***** DATA EXTRACT *****
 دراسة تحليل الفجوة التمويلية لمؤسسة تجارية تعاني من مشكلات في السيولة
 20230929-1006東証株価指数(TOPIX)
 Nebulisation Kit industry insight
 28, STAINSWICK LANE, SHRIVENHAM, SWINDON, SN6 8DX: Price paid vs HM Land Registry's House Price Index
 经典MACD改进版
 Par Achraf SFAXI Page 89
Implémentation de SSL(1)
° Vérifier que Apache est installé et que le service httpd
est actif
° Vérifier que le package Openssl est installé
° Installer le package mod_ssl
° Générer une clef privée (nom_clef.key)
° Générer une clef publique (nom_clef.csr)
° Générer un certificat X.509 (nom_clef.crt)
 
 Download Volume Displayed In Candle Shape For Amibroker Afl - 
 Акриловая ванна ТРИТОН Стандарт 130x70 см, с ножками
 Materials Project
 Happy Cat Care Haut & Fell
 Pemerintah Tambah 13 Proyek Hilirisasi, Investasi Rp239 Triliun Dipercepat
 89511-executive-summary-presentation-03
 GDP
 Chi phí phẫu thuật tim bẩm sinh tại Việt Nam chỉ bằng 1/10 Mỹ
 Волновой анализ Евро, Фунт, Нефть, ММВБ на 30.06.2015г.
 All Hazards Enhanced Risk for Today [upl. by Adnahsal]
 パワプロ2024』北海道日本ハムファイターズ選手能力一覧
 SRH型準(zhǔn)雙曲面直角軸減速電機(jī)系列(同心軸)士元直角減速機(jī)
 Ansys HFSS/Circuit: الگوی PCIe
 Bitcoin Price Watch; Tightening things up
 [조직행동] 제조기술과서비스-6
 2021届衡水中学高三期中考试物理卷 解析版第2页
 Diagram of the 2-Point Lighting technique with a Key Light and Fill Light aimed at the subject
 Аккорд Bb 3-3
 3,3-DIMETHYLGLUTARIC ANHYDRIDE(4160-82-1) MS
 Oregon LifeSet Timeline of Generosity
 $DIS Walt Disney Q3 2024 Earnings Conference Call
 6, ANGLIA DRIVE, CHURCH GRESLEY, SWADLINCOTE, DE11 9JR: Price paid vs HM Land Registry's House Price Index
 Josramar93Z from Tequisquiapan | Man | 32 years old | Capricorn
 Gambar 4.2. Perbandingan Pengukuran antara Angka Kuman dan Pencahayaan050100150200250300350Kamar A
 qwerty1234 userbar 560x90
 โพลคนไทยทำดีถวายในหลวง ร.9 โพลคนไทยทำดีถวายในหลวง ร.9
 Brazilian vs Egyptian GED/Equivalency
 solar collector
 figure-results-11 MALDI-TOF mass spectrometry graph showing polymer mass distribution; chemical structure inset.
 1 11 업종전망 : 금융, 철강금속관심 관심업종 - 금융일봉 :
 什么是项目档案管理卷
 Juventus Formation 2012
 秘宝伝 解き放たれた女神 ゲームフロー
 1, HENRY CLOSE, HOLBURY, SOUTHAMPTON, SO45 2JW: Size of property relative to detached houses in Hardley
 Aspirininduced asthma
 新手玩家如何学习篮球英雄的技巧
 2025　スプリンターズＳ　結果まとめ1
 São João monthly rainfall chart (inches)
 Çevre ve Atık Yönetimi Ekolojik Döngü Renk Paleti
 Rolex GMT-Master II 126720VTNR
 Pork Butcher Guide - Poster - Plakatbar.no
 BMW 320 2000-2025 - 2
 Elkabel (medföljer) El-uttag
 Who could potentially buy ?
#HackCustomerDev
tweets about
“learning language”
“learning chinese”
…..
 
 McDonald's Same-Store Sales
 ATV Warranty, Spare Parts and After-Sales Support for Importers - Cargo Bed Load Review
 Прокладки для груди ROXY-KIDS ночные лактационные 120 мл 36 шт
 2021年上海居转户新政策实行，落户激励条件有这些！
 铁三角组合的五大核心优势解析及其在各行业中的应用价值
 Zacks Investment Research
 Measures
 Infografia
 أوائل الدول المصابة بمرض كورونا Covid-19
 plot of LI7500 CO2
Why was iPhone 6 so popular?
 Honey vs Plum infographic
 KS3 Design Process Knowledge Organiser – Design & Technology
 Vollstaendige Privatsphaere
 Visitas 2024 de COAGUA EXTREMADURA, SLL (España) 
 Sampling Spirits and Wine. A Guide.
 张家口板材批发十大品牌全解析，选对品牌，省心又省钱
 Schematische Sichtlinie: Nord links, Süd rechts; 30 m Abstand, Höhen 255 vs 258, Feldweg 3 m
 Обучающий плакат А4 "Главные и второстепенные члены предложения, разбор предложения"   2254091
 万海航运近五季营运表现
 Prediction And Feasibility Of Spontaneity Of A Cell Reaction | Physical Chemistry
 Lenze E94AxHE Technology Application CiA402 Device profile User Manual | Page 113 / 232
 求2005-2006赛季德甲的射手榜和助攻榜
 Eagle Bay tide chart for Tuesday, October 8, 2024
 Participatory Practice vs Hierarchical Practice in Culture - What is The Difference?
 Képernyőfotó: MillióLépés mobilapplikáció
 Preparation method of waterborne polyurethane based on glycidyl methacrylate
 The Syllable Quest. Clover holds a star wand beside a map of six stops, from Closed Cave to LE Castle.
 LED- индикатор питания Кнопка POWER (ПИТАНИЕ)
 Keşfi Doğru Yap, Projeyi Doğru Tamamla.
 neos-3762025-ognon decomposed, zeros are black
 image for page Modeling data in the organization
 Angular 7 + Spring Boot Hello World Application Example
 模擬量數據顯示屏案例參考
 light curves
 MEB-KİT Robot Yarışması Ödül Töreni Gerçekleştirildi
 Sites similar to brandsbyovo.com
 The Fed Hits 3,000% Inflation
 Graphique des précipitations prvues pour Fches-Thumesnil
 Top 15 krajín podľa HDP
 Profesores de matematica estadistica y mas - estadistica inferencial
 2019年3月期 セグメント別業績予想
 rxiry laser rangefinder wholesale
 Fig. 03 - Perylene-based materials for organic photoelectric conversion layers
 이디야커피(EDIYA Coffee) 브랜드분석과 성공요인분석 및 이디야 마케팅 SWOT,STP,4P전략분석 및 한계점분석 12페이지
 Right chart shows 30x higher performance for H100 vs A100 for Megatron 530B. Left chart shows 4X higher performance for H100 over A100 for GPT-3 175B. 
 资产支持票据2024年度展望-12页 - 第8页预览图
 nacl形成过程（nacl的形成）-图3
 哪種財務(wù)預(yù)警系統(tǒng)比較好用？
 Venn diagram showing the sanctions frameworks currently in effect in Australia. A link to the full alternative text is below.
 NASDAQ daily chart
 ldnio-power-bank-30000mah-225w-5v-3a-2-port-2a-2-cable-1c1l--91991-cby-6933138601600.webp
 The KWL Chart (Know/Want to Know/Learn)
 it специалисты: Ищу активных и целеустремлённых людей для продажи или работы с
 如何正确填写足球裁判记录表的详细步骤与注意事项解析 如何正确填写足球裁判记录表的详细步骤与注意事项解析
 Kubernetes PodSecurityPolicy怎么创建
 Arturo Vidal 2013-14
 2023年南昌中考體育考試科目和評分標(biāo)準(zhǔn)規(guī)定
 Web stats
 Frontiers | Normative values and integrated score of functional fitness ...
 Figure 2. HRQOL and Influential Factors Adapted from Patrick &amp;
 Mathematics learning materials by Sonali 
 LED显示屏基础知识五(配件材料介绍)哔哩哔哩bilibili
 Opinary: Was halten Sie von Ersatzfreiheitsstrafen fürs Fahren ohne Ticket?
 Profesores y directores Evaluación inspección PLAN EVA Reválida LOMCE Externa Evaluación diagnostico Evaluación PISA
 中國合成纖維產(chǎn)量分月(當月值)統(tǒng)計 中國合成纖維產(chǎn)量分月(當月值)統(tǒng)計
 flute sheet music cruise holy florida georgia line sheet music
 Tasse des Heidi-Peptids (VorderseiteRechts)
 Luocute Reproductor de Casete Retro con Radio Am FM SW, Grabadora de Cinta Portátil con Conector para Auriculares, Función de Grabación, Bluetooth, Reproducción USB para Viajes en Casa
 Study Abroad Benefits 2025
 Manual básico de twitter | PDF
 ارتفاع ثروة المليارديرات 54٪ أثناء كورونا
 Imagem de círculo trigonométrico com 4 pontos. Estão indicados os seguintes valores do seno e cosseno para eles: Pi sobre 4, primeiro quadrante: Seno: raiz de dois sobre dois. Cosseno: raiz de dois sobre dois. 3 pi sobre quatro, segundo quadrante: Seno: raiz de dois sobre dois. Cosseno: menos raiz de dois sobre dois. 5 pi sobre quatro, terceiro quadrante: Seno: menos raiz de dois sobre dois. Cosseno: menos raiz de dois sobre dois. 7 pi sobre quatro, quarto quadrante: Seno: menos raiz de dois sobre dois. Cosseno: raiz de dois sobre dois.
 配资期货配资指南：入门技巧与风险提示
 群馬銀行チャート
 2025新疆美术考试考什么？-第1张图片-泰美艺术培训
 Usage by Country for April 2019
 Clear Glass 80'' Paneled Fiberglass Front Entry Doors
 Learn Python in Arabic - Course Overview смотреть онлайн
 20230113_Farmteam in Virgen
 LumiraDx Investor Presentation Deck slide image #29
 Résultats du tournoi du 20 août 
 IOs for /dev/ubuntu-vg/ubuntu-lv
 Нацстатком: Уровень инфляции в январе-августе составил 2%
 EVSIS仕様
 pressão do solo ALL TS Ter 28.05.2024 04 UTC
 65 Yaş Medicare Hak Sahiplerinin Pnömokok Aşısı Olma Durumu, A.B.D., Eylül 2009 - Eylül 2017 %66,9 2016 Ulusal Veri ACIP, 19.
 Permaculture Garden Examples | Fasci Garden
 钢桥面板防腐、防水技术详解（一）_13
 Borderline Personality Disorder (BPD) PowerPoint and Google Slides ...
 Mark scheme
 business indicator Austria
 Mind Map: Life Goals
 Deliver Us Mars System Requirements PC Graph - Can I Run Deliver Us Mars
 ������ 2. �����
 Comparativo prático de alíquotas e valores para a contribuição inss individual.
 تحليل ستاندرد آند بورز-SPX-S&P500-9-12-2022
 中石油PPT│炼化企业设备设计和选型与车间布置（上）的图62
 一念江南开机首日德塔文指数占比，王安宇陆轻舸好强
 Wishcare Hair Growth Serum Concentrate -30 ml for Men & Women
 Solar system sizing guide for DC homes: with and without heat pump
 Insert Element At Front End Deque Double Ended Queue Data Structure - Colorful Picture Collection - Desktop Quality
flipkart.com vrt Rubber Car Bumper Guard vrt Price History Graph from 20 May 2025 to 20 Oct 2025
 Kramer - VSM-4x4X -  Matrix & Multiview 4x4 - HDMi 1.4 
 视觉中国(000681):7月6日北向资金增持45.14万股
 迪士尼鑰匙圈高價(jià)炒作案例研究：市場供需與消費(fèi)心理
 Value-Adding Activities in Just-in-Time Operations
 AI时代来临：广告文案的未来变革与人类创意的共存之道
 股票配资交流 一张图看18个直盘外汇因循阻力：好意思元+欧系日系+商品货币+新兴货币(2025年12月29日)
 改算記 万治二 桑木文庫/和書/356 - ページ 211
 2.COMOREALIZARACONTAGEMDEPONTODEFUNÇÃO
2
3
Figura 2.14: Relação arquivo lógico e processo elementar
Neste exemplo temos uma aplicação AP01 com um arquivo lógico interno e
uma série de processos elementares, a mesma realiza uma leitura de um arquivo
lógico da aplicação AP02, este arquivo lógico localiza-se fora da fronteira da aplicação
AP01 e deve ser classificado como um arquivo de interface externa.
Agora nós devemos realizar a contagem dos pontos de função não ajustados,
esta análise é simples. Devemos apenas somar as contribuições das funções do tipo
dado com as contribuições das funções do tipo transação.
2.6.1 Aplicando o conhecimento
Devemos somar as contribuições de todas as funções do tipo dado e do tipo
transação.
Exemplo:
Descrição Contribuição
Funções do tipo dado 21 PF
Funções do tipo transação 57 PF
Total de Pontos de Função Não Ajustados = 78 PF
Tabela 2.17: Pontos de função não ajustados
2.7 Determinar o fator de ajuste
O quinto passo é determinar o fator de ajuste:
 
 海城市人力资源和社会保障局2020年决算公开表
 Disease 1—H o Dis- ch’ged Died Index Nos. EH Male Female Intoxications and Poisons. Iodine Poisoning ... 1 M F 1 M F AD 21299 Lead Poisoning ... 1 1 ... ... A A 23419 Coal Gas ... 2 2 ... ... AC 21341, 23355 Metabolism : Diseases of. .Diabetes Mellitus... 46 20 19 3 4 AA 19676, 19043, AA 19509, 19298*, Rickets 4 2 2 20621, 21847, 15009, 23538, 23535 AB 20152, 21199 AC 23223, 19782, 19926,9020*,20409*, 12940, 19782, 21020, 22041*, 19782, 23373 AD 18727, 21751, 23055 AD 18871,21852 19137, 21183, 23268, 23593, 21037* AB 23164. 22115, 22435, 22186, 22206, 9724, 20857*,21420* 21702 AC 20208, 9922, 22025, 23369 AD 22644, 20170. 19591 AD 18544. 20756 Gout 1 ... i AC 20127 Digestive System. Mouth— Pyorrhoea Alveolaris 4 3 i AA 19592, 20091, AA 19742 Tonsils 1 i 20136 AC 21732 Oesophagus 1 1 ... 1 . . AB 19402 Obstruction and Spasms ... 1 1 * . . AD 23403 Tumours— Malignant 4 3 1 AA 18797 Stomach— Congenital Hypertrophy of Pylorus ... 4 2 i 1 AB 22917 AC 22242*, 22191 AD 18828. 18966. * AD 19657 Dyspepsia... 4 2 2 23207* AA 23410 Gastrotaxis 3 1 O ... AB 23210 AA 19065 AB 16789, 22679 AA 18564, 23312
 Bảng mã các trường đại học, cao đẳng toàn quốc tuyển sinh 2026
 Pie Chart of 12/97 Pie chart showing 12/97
*****
■ ABOUT THIS EXERCISE ■
Going through the material, find each line with the string "arquivo". Then state only how many there are.

■ RESULT ■
5